Despite the forty years that divided them there was a marked likeness between Mr. Crouchback and Guy. Mr. Crouchback was rather the taller and he wore an expression of steadfast benevolence quite lacking in Guy. “Racé rather than distingué” was how Miss Vavasour, a fellow resident at the Marine Hotel, defined Mr. Crouchback’s evident charm. There was nothing of the old dandy about him, nothing crusted, nothing crotchety. He was not at all what is called “a character.” He was an innocent, affable old man who had somehow preserved his good humor—much more than that, a mysterious and tranquil joy—throughout a life which to all outward observation had been overloaded with misfortune. He had like many another been born in full sunlight and lived to see night fall. He had an ancient name which was now little regarded and threatened with extinction. Only God and Guy knew the massive and singular quality of Mr. Crouchback’s family pride. He kept it to himself. That passion, which is often so thorny a growth, bore nothing save roses for Mr. Crouchback. He was quite without class consciousness because he saw the whole intricate social structure of his country divided neatly into two unequal and unmistakable parts. On one side stood the Crouchbacks and certain inconspicuous, anciently allied families; on the other side stood the rest of mankind, Box-Bender, the butcher, the Duke of Omnium (whose onetime wealth derived from monastic spoils), Lloyd George, Neville Chamberlain—all of a piece together. Mr. Crouchback acknowledged no monarch since James II. It was not an entirely sane conspectus but it engendered in his gentle breast two rare qualities, tolerance and humility. For nothing much, he assumed, could reasonably be expected from the commonality; it was remarkable how well some of them did behave on occasions; while, for himself, any virtue he had came from afar without his deserving, and every small fault was grossly culpable in a man of his high tradition.
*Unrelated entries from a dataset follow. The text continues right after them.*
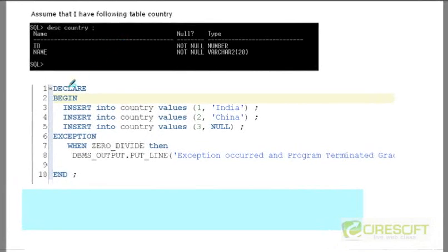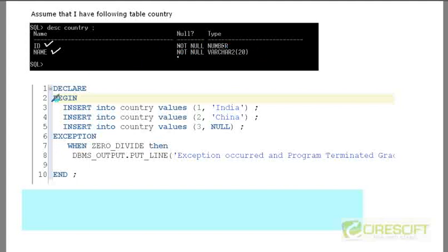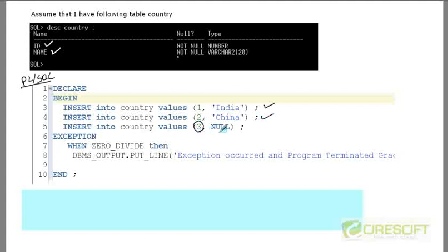Welcome back to the PL/SQL tutorial. We have a table called 'country' with two columns: ID (not null, number) and name (not null, varchar2). We're writing a PL/SQL block to insert values into this table. The first statement inserts 1 and India, the second inserts 2 and China, and the third inserts ID 3 but name as null. Since there's a NOT NULL constraint, inserting null will give an error.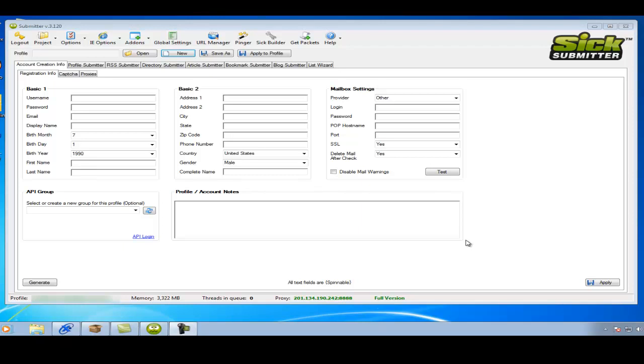Hi guys, this is video 2 in the series and it's basically going to be about how to create a basic profile in SICK. I like to name most of my profiles based around my keywords.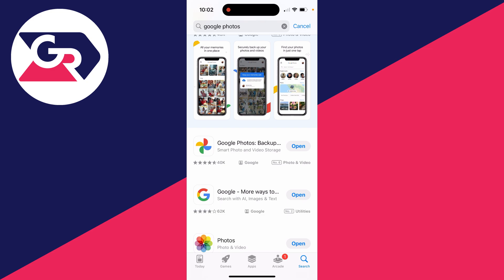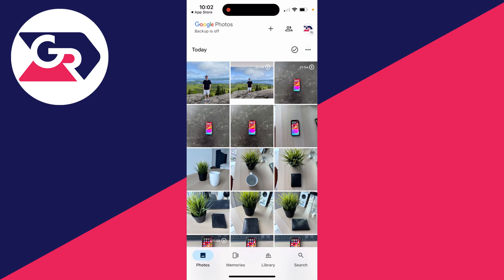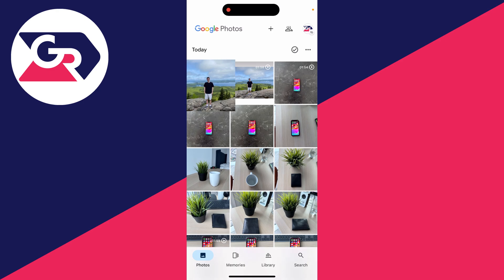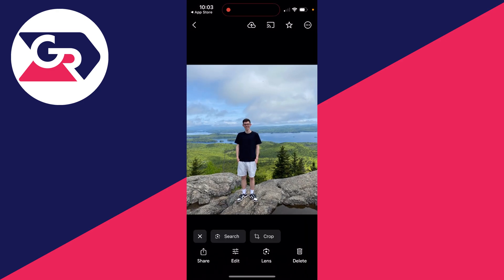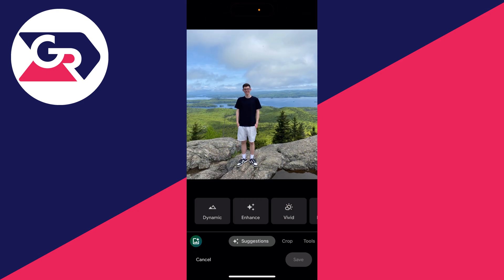All you need is a Google account — you don't actually have to backup your photos. Go and open it up. You'll need to allow access to your photos. It'll try to backup your photos but you can stop it. Then select the photo you want to work with, go to the bottom and click on edit.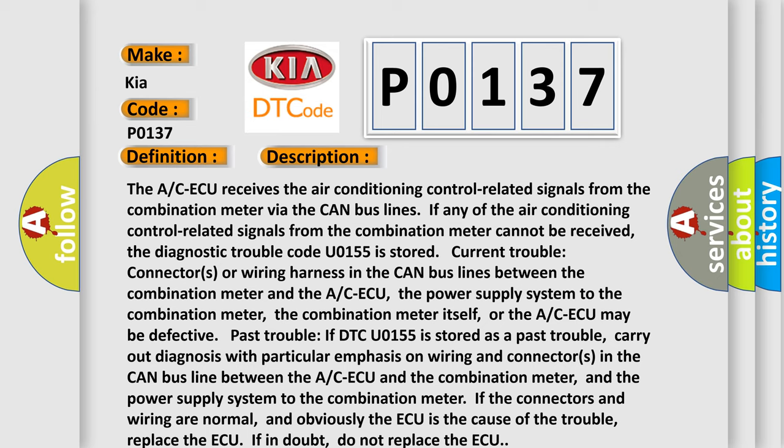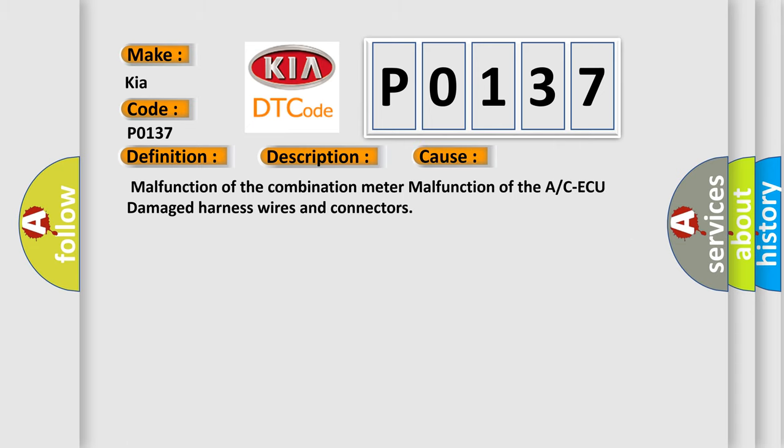If the connectors and wiring are normal, and the A/C ACM is the cause of the trouble, replace the A/C ACM. If in doubt, do not replace the A/C ACM. This diagnostic error occurs most often in these cases: malfunction of the combination meter, malfunction of the A/C ACM, or damaged harness wires and connectors.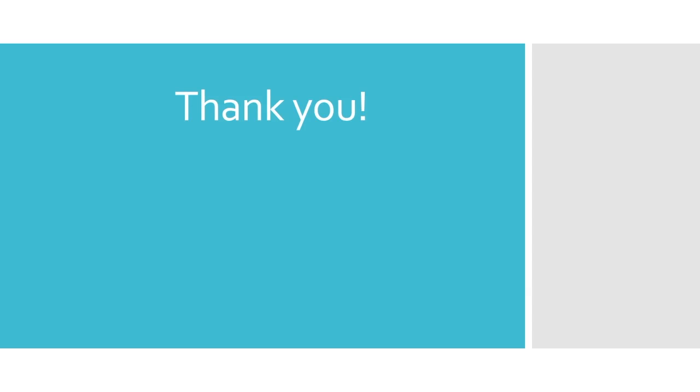This has been Advanced Bibliographic Searching in OCLC Connection. Thank you for joining me. Be sure to check out these links for more information.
He had a further natural advantage over Guy; he was fortified by a memory which kept only the good things and rejected the ill. Despite his sorrows, he had had a fair share of joys, and these were ever fresh and accessible in Mr. Crouchback’s mind. He never mourned the loss of Broome. He still inhabited it as he had known it in bright boyhood and in early, requited love.